Las Vegas has gotten a bad rap for its cultural sophistication, but we’re getting there

Bruce Spotleson

Bruce Spotleson

I’ve never agreed with folks who complain that Las Vegas lacks culture. It seems to me Las Vegas has had, for quite some time now, more culture than most other cities.

Maybe it’s the way I define the term. I count Cirque du Soleil, our art collections, our eclectic entertainment schedule and the traveling exhibits that so often come here. Over the years, I’ve had amazing cultural experiences.

Granted, they may have been produced to attract tourists, but ours has been a rich environment — even before the venues and museums we’ve opened recently came online.

The addition of state-of-the-art halls such as the Smith Center for the Performing Arts may seem like mere icing on our cake, but they provide a world of inspiration many hometown organizations needed.

One group already benefiting is the Nevada Las Vegas Philharmonic, a resident company at the Smith Center.

The Philharmonic in the past performed quite splendidly at UNLV’s Artemus Ham Hall. But a recent screening of the 1931 silent film “City Lights” showed off a happy pairing with its new home at the Smith Center.

Charlie Chaplin produced, starred in and wrote the music for the film.

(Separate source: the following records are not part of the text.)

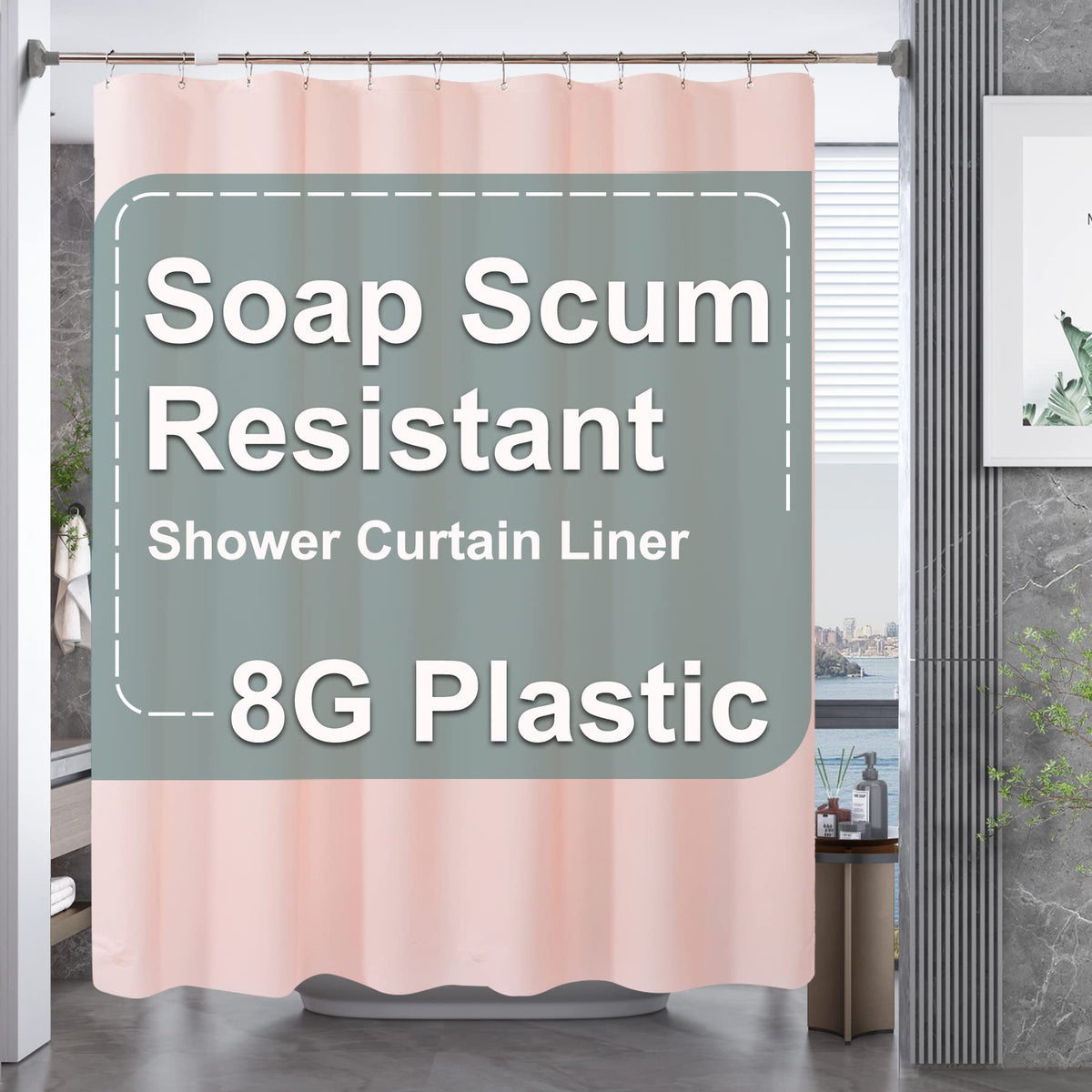 Amazerbath Plastic Shower Curtain, 72 X 72 Inches Peva Heavy Duty Pink Shower Curtain, Waterproof Heavy Weight Thick Bathroom Cu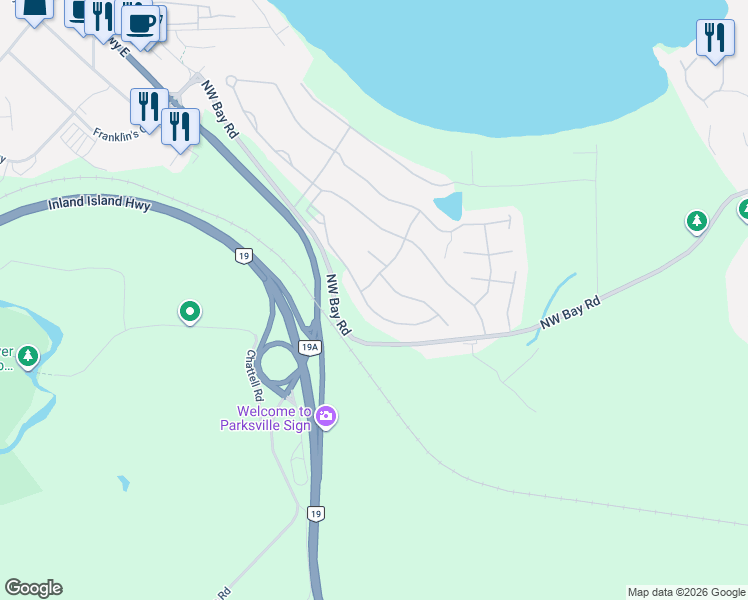 map of restaurants, bars, coffee shops, grocery stores, and more near 1362 Britannia Drive in Parksville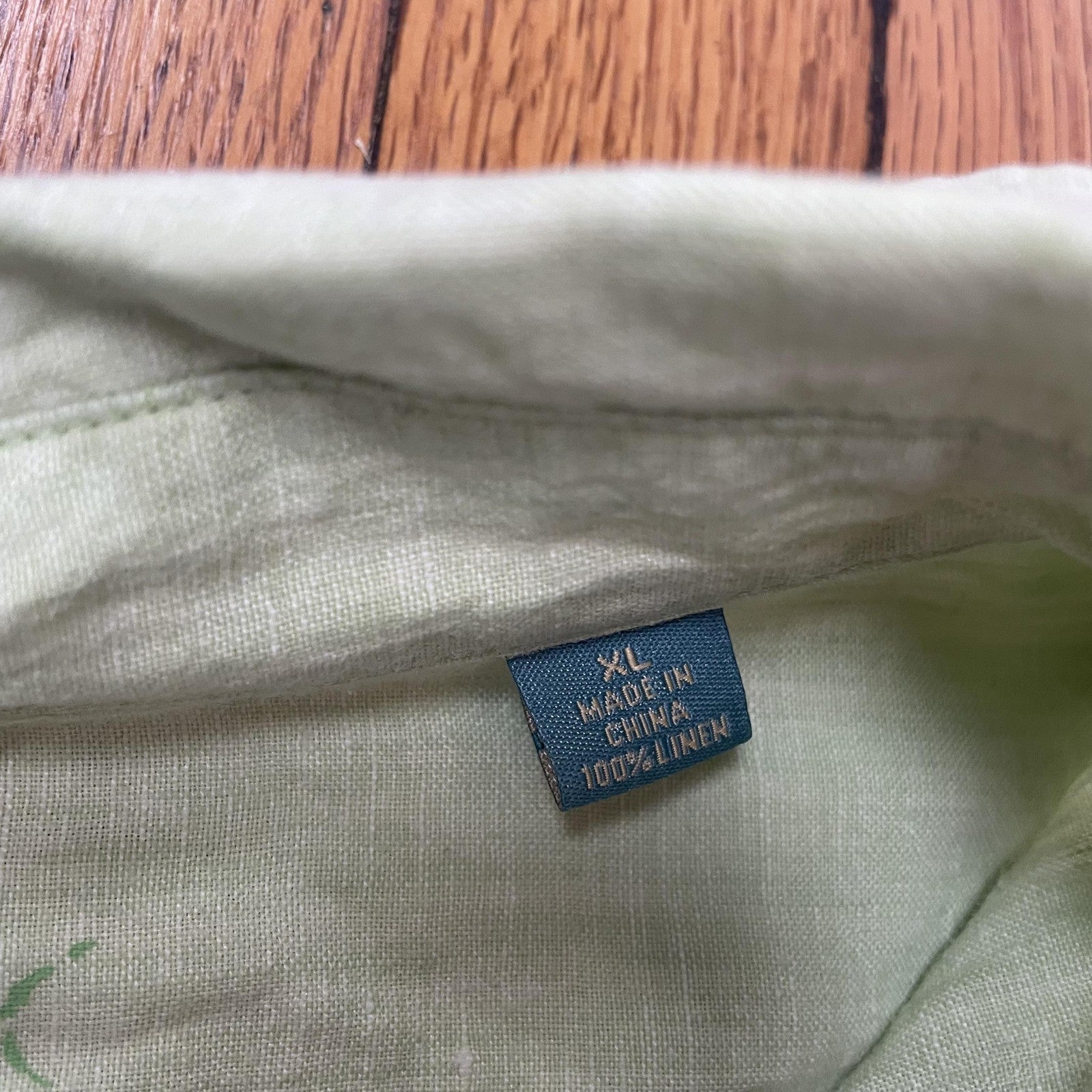 Tommy Bahama Shirt Mens XL Green Linen Relax Button Up Long Sleeve Casual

He would have been impressed to hear how it sounded when the Philharmonic brought his original score to life.

The concert was one of nine performances planned for this season, themed “A Year In Pictures.”

The Chaplin experience was so stirring that, despite 14 years of performing, one might think the Philharmonic’s time finally has arrived.

“One of the things we would like to get across to the community is that ‘getting there’ is very important to us,” said Jennifer Scott, the Philharmonic’s public relations consultant who has worked with the San Francisco Symphony, Metropolitan Opera and Cleveland Orchestra. “But we would like to stay there, and we need support from the community to make the most of being in a world-class venue.”

Scott acknowledged that the acoustics and central location of Ham Hall provide an important venue for the Philharmonic, as well as for other performance organizations in our metro area. “But the Smith Center has taken that up a notch,” she said. “It certainly is being held up as an example that the city has culture, that it’s culturally sophisticated.”

The Philharmonic was one of the groups that helped “tune” the Smith Center last March, demonstrating to building personnel for the first time what the hall sounded like with a full orchestra.

It will keep playing throughout the remainder of the current season, which runs until spring, with many performances for local students sprinkled in the mix.

“There’s sort of a groundswell of passion for arts and culture and pride for a city that’s going through a maturation,” Scott said.

A city that always had some culture, but has even more now — regardless of how you define the term.